Nevada’s Toothless Tiger? New Laws Granting Human Rights For the Homeless.

An angry kitten
Toothless tiger doesn't suit? Maybe you'd prefer the term 'attack kitten.'

Well, the State spirit appears willing, but the local flesh seems to be weak. As far as the facts are concerned, even state legislators in Nevada would appear to be onside, promoting the Homeless Persons Bill of Rights. Endorsing such an egalitarian spirit, quite possibly everyone in Nevada may be in favour of granting homeless people the same rights as everybody else.

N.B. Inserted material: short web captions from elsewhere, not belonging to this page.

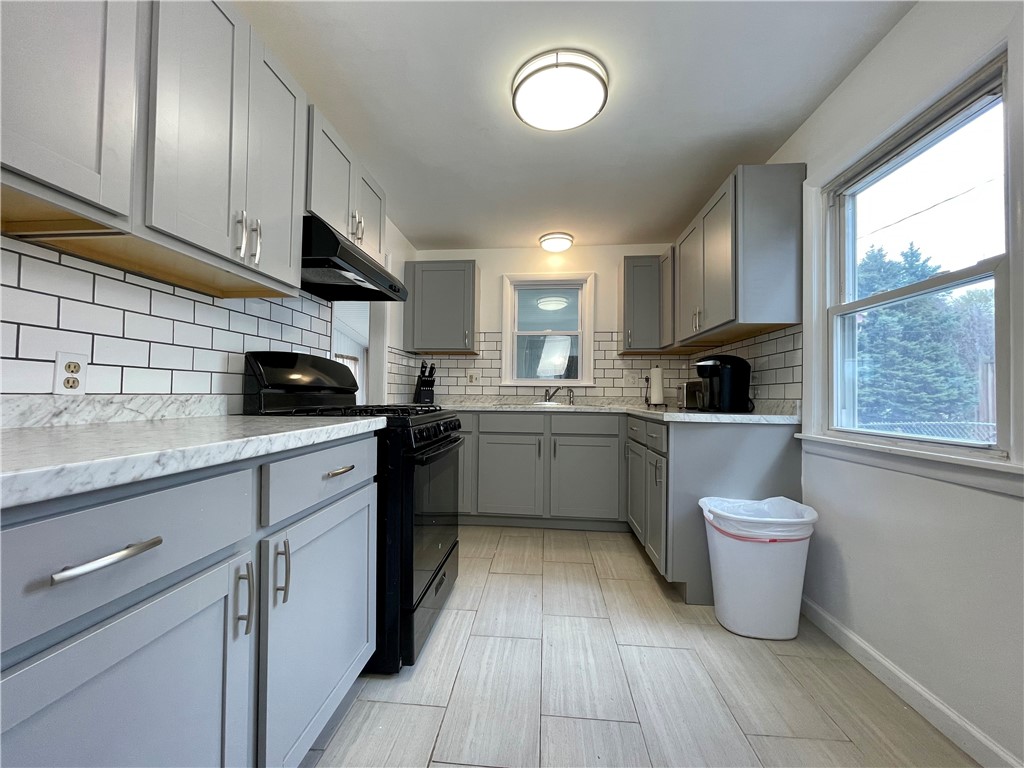 106 Alden Road Greece, NY 14626 - Photo 6 of 17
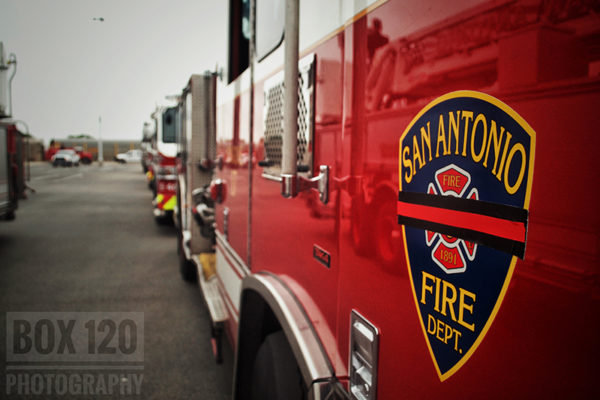 San Antonio fire engine with band over the decal for a fallen firefighter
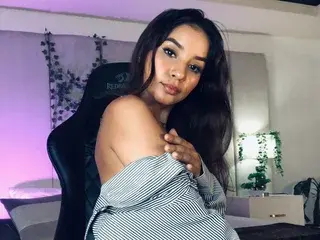 Streamate Adult Webcam of mia_rousse025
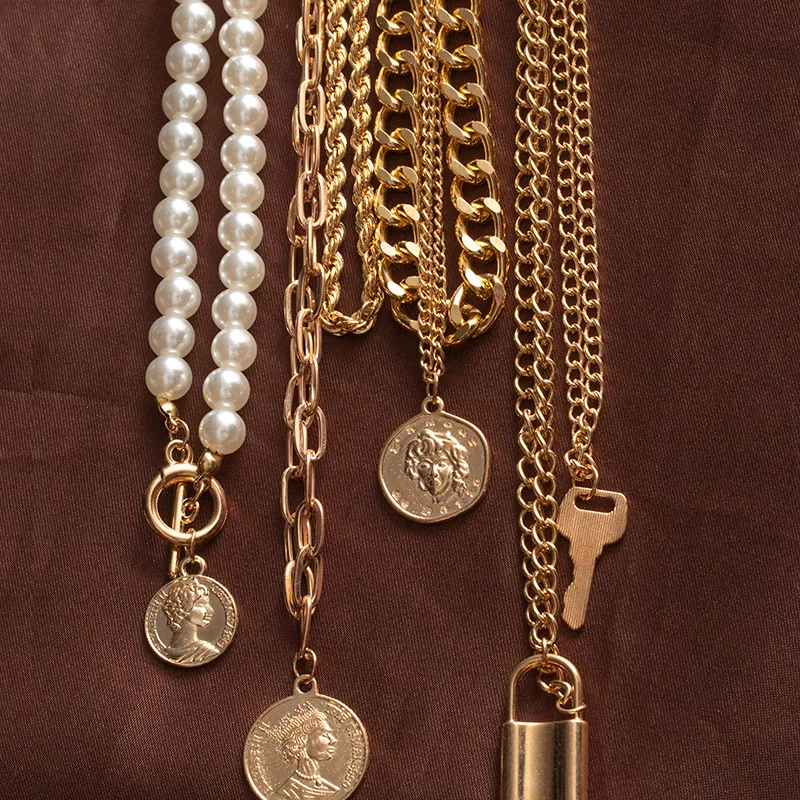 Vintage Baroque Irregular Pearl Lock Chain Necklace Multilayer Necklace 2021 Geometric Metal Necklaces For Women Punk Jewelry
Vintage Baroque Irregular Pearl Lock Chain Necklace Multilayer Necklace 2021 Geometric Metal Necklaces For Women Punk Jewelry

There’s one slight hiccup in this apparent Nevada love-in. It’s the widespread concern, expressed via their lobbyists, that cities, towns as well as their law enforcement: that people who are homeless are entitled to the same human rights as everybody else, just so long as they do not claim them.

Fine, you can have rights. But you can’t demand them! There appears to be nobody ready to endorse a Bill of Rights that might allow those without the rights to take action to receive them (suing local government, or the police, for example).

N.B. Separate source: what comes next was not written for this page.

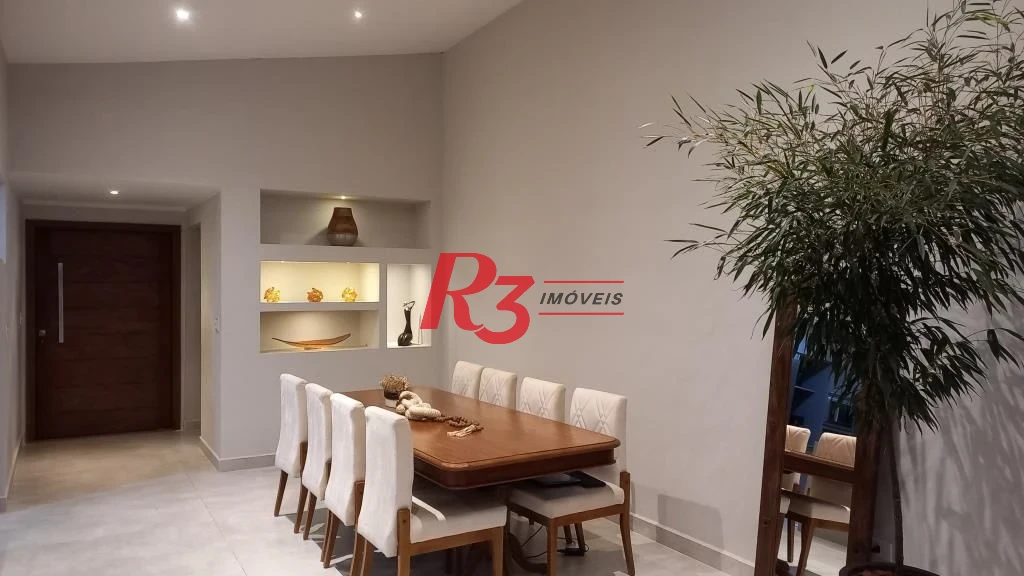 Casa com 6 dormitórios à venda, 400 m² por R$ 4.500.000,00 - Acapulco - Guarujá/SP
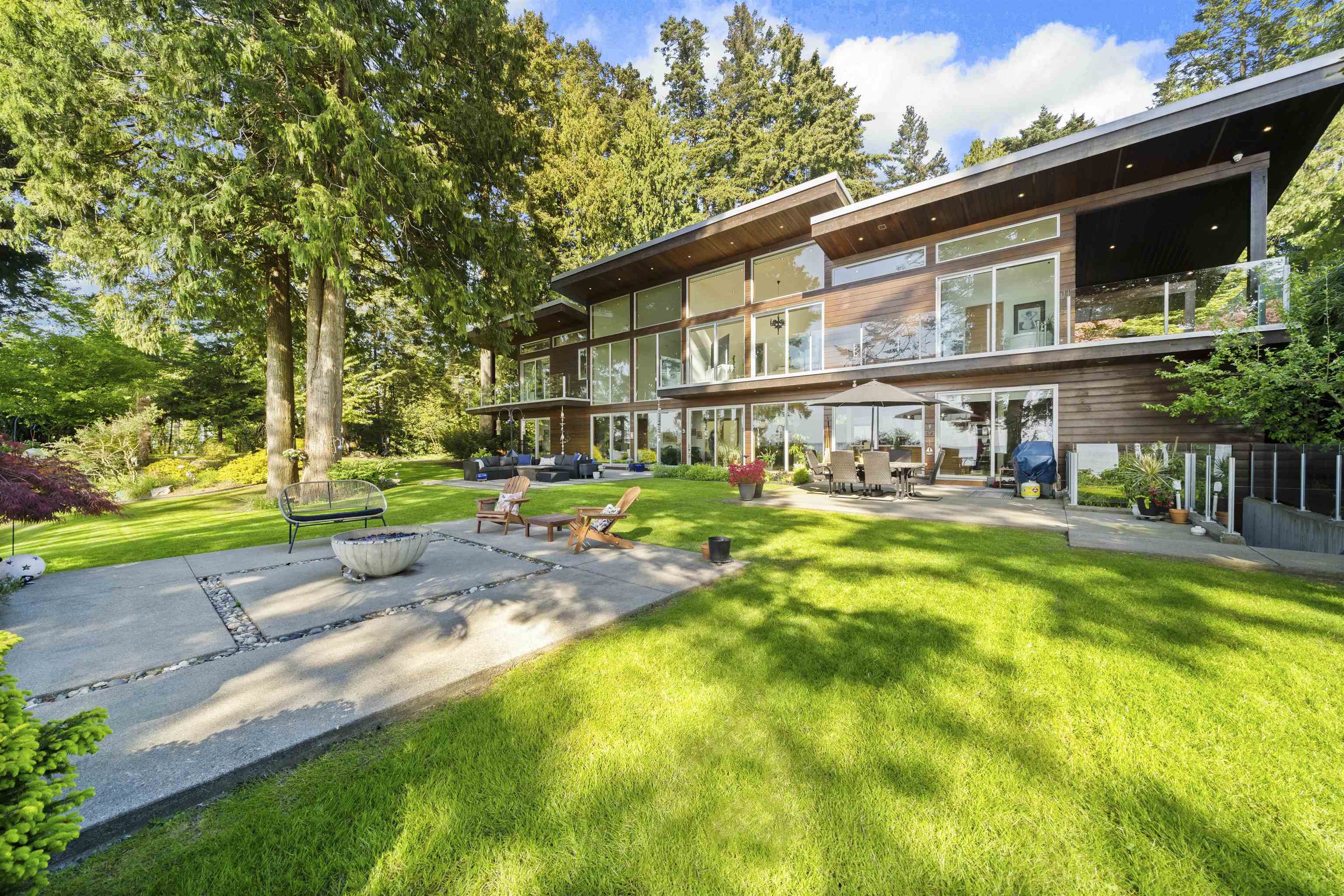 Property Photo: 2443 Christopherson Road BC V4A 3L2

Can we expect to see more of this civic cleverness nationally, even worldwide, as countries sign on to the principles of universal human rights, even as they proceed with a legal ace up their sleeves?

It would seem to be a civic version of having your cake and eating it — that is to say, having your piety without honouring it1.

Read more about Nevada’s impending cleverness, both its earnest beginnings, as well as its current watered-down state in the reno gazette journal: ‘Homeless Persons Bill of Rights’ faces opposition from cities, counties, law enforcement


  1. 171 countries are State Parties to the International Covenant on Economic, Social and Cultural Rights, which includes the right to adequate housing (Article 11). This indicats a greater commitment to housing rights than in the United States, which is a signatory to the Covenant, but is not a State Party.